Real-time renormalization group and cutoff scales in nonequilibrium applied to an arbitrary quantum dot in the Coulomb blockade regime

TL;DR

This paper develops a real-time renormalization group approach to analyze nonequilibrium quantum dot transport, incorporating various cutoff scales and applying it to magnetic molecules and Kondo models to study conductance and noise.

Contribution

It introduces a self-consistent one-loop RG formalism that includes all relevant cutoff scales for nonequilibrium quantum dots, extending previous methods.

Findings

Relaxation and dephasing rates cut off the RG flow.

Differential conductance shows quantum phase transition tunable by anisotropy.

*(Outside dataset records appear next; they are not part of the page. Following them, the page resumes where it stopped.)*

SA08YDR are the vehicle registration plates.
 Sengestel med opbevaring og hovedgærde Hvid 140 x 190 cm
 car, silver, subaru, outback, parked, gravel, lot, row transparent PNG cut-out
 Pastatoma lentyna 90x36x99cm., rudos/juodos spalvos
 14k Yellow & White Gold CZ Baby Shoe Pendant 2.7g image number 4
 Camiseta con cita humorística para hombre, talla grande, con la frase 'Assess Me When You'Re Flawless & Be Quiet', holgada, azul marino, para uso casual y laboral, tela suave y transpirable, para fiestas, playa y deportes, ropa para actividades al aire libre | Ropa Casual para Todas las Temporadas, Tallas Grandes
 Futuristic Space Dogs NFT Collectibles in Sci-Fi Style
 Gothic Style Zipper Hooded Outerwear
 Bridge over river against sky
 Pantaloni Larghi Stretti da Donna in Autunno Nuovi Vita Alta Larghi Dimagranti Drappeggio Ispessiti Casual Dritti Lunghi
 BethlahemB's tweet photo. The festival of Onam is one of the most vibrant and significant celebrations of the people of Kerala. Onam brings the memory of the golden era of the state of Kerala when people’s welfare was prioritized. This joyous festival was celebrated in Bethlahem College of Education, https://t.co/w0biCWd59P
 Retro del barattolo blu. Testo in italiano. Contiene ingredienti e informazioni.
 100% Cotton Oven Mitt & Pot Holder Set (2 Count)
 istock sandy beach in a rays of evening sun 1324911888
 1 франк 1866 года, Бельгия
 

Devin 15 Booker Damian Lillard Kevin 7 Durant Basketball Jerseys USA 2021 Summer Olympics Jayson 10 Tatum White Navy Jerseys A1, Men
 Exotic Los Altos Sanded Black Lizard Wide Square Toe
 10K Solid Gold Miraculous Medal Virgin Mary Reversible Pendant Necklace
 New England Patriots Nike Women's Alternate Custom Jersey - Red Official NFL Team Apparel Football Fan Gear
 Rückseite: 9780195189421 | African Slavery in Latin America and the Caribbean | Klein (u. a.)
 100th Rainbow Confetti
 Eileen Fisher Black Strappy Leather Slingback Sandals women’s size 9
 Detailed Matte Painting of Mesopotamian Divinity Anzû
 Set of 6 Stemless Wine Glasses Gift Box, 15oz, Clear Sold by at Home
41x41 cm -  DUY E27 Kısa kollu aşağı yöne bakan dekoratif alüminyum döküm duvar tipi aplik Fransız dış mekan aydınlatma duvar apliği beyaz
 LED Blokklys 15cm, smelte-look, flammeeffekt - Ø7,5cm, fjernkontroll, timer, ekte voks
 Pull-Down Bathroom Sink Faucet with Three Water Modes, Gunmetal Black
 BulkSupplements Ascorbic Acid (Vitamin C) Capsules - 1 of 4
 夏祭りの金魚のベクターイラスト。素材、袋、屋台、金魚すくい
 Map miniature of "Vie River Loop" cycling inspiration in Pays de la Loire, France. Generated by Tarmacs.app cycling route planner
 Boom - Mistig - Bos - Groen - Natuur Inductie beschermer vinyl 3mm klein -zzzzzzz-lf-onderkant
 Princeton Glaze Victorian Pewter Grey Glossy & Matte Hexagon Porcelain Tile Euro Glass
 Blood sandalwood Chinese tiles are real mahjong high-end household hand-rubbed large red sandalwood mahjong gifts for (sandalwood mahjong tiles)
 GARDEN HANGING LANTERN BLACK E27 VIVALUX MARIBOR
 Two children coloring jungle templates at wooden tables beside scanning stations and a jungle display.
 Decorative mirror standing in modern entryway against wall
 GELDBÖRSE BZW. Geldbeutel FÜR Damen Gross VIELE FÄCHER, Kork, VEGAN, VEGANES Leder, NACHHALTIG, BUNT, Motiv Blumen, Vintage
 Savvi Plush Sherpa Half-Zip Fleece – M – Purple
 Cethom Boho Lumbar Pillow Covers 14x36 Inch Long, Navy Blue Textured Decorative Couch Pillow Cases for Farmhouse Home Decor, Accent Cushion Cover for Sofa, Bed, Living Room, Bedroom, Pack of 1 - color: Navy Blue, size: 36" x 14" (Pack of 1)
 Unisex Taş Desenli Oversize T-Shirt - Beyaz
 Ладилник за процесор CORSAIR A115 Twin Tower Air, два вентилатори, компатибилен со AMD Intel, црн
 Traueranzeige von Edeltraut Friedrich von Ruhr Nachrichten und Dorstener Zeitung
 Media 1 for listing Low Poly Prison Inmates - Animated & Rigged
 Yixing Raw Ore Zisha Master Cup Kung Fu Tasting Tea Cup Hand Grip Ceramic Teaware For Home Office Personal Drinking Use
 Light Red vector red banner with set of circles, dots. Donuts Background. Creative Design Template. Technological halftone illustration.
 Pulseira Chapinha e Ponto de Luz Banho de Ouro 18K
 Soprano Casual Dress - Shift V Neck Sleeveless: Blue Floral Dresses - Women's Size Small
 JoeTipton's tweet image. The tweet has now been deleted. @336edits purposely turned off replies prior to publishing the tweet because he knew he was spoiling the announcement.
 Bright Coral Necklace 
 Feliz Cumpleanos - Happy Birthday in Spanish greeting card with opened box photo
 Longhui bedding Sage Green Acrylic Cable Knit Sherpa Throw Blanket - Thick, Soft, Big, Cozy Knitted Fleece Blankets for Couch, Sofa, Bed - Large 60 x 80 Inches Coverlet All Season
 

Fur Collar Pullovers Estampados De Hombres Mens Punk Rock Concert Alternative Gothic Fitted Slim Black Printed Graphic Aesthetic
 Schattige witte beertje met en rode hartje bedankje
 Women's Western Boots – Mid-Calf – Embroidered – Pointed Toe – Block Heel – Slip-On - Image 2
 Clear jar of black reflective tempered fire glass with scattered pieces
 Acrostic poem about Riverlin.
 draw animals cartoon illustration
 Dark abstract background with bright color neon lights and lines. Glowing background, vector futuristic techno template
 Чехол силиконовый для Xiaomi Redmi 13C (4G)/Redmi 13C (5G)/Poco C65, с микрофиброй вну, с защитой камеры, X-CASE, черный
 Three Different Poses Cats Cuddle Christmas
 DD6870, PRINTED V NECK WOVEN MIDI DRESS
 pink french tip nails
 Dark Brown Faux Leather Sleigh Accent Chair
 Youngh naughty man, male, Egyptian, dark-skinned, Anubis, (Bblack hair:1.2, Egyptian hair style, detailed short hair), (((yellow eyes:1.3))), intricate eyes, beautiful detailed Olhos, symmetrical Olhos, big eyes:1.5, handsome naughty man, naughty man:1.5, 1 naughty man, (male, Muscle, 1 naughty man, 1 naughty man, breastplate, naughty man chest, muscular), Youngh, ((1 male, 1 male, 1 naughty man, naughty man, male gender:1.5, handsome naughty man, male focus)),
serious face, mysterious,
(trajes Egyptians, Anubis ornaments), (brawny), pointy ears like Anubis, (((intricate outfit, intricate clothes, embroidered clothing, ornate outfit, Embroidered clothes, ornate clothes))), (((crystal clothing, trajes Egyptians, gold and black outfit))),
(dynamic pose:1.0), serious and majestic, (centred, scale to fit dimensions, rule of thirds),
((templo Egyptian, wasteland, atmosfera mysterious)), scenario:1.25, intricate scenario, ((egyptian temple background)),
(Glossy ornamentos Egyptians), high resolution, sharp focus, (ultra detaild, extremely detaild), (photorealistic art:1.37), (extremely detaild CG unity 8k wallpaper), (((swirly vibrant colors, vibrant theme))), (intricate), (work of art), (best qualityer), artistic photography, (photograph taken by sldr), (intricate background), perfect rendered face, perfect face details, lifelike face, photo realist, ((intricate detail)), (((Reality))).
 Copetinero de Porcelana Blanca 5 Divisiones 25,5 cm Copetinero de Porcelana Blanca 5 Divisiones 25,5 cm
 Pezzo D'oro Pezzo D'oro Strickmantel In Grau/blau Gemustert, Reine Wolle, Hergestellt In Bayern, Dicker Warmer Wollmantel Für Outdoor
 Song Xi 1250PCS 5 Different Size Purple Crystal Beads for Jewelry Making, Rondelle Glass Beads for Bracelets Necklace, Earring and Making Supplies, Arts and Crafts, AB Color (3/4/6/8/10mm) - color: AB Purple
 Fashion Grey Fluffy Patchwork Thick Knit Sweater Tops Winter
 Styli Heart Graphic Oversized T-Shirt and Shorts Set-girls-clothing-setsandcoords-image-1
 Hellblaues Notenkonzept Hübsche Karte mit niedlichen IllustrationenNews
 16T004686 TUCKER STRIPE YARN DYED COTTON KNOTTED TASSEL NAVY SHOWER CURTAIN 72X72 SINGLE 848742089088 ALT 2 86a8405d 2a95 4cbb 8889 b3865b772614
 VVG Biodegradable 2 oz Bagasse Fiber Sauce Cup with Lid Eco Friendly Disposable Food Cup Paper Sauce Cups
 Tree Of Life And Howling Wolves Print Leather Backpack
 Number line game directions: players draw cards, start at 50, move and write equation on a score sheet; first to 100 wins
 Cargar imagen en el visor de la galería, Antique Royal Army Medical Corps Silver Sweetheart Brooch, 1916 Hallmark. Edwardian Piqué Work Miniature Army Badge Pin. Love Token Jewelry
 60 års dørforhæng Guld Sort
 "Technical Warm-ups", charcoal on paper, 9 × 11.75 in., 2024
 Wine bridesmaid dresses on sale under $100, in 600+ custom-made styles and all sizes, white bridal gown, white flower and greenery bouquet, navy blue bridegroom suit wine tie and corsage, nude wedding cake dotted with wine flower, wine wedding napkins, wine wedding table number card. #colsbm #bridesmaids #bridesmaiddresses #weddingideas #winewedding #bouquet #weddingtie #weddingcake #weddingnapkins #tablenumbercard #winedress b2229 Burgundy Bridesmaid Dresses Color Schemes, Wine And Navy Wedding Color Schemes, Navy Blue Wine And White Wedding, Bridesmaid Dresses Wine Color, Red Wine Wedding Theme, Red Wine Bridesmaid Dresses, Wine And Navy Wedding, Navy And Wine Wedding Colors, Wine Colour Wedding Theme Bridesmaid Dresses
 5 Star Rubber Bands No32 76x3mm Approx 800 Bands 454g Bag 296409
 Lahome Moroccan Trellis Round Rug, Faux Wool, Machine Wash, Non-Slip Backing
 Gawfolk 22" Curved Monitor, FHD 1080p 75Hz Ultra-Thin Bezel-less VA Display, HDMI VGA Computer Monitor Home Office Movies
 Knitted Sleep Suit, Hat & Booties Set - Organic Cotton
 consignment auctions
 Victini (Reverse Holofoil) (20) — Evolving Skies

Dephasing rate influences noise spectral features.

Abstract

We apply the real-time renormalization group (RG) in nonequilibrium to an arbitrary quantum dot in the Coulomb blockade regime. Within one-loop RG-equations, we include self-consistently the kernel governing the dynamics of the reduced density matrix of the dot. As a result, we find that relaxation and dephasing rates generically cut off the RG flow. In addition, we include all other cutoff scales defined by temperature, energy excitations, frequency, and voltage. We apply the formalism to transport through single molecular magnets, realized by the fully anisotropic Kondo model (with three different exchange couplings J_x, J_y, and J_z) in a magnetic field h_z. We calculate the differential conductance as function of bias voltage V and discuss a quantum phase transition which can be tuned by changing the sign of J_x J_y J_z via the anisotropy parameters. Finally, we calculate the noise S(Omega) at finite frequency Omega for the isotropic Kondo model and find that the dephasing rate determines the height of the shoulders in dS(\Omega)/d Omega near Omega=V.